In this example, we highlight the best estimator in terms of prediction error on the testing set (dark red curve) with a dashed black vertical line. The best estimator corresponds to a polynomial model of order of \(D=3\). Notice that the vertical black line is located where function defined by the sum of the squared bias and variance (dashed gray curve) is also at a minimum.
It’s also important to notice that the sum of the squared bias and variance has the same shape as the curve defined by the mean squared prediction error on the testing set. This exemplifies how the error on novel data can be used as a proxy for determining the best estimator from a candidate set based on squared bias and variance. The noise term in Equation 6 is also represented in the left subpanel of Figure 4 as the red curve. This curve was calculated by taking the difference between the Testing Set error and the sum of the variance and squared bias. We can see that the noise term is roughly constant, and equivalent to underlyng the variance of the observations \(\sigma_{\text{noise}}^2\) (indicated by the dashed red line).
Testing Set Error versus Training Set & Overfitting
It’s important to be clear that all of the simulated results above are based on evaluating prediction error on novel data, not used to estimate model parameters. It turns out that assessing a model performance based on prediction error calculated on the same data used to estimate the model parameters is highly problematic, as it causes models to always “overfit.” In plain terms, overfitting means that we will always favor a more complex estimator if we assess goodness of model fits on the training data, as a more complex model will be better able to capture small, random trends in the data due to noise.
This overfitting phenomenon is demonstrated in the right side of Figure 4. For the same simulation data as in the left of Figure 4, we plot the error calculated on the Training set (black curve) along with the error calculated on the testing set (red curve). We also identify the best estimator based on the Testing Set Error.
We see here that as model complexity increases, the error calculated on the training set continues to decrease, whereas the error on the testing set increases past the optimal polynomial order \(D=3\). We showed above that error calculated on the testing set is the true indicator of how well an estimator will generalize to new data points. The error calculated on the training set strongly disagrees with the error calculated on the testing set after the optimal model complexity has been reached. Since, in general, the whole point of modeling a data set is to generalize to novel data, assessing model predictions on the training set data should be avoided.
Wrapping Up
In this post we discussed how the bias and variance of an estimator are related to squared prediction error on the testing set. Though we focused on regression, these concepts can also be applied to classification problems. We found that an optimal estimator will have both low variance and low bias.
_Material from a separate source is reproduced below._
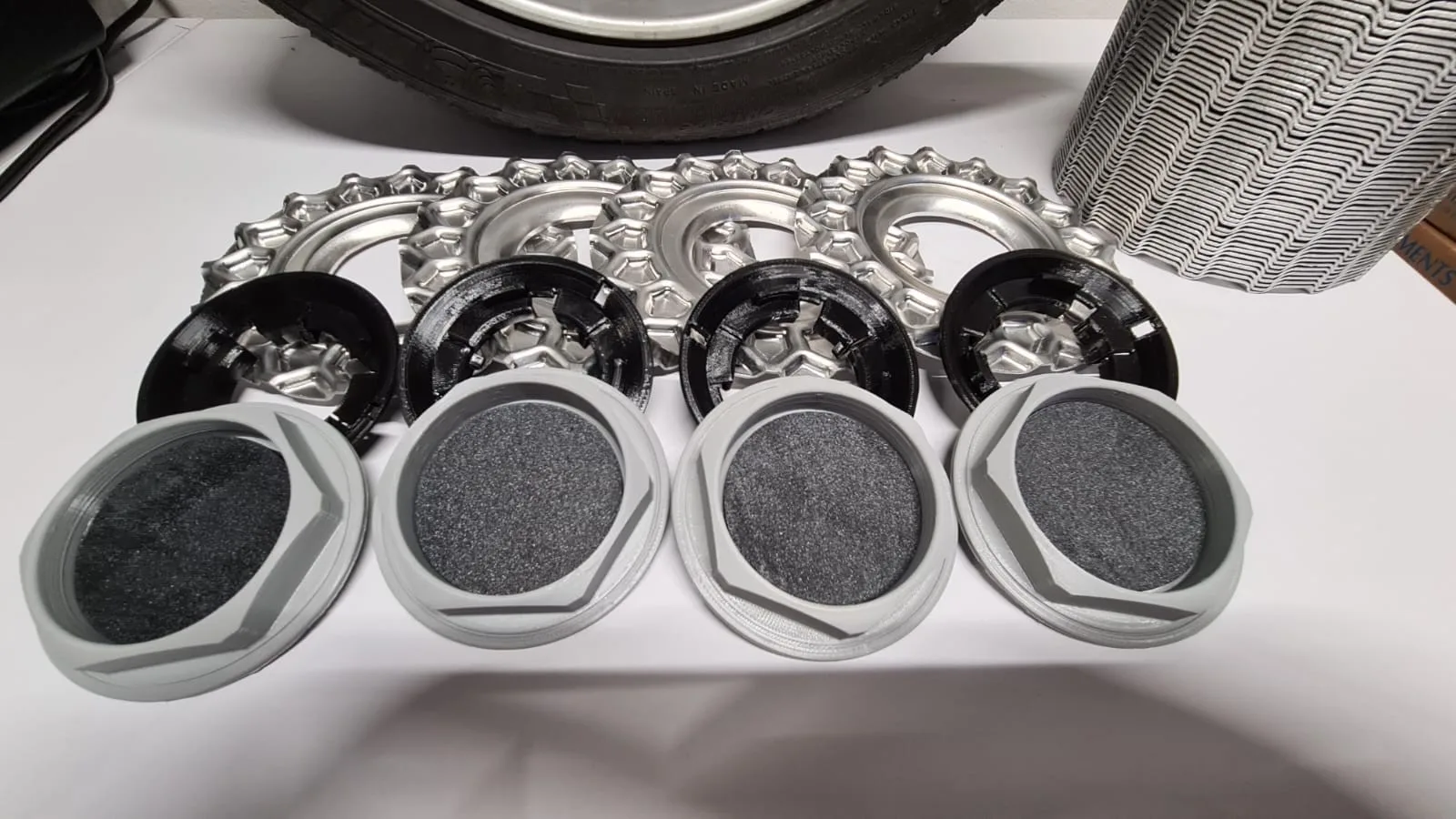 BBS RZ 15“ 4×100 aluminum center cap (Set of 4) - Image 5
We further found that information about squared bias and variance is contained in expected prediction error calculated on a testing set of data not used to fit a model’s parameters.
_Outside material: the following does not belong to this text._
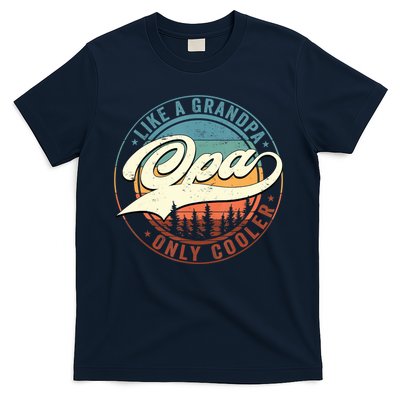 Opa Like A Grandpa Only Cooler Vintage Retro Opa Dad T-Shirt
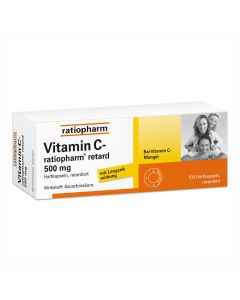 VITAMIN C-RATIOPHARM retard 500 mg Kapseln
The concepts of estimator bias and variance are generally only clear in the context of an ensemble of datasets. However, in real-world applications, there is generally only a single observed dataset. In such cases the roles of bias and variance are less obvious (though, it is possible to calculate estimates of variance and bias using resampling methods such as bootstrapping).
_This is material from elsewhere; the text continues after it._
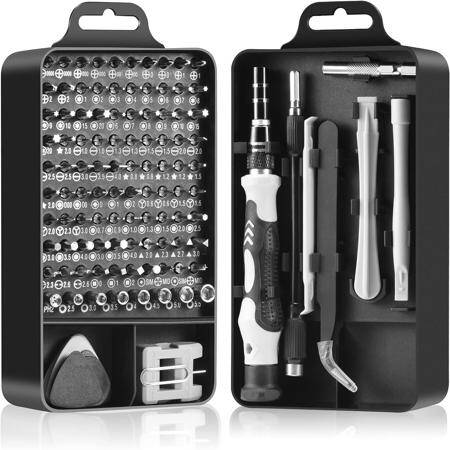 Black 115 in 1 Multi-Purpose Screwdriver Set - Plastic Box - 1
However, the direct connection we made between bias, variance with the mean-squared error calculated on a testing set give us a direct means for assessing a group of candidate estimators in light of a single data set. We only need to partition the available data set into a Training Set used to fit model parameters and a Testing Set used to assess prediction accuracy.
Comparing prediction accuracy across potential estimators is equivalent to assessing biases and variances of the estimators across many datasets. Note that resampling methods such as cross-validation can prove helpful here, particularly when the amount of observed data is small.
Notes
This post is a refactor of content with the same title originally posted on The Clever Machine Wordpress blog.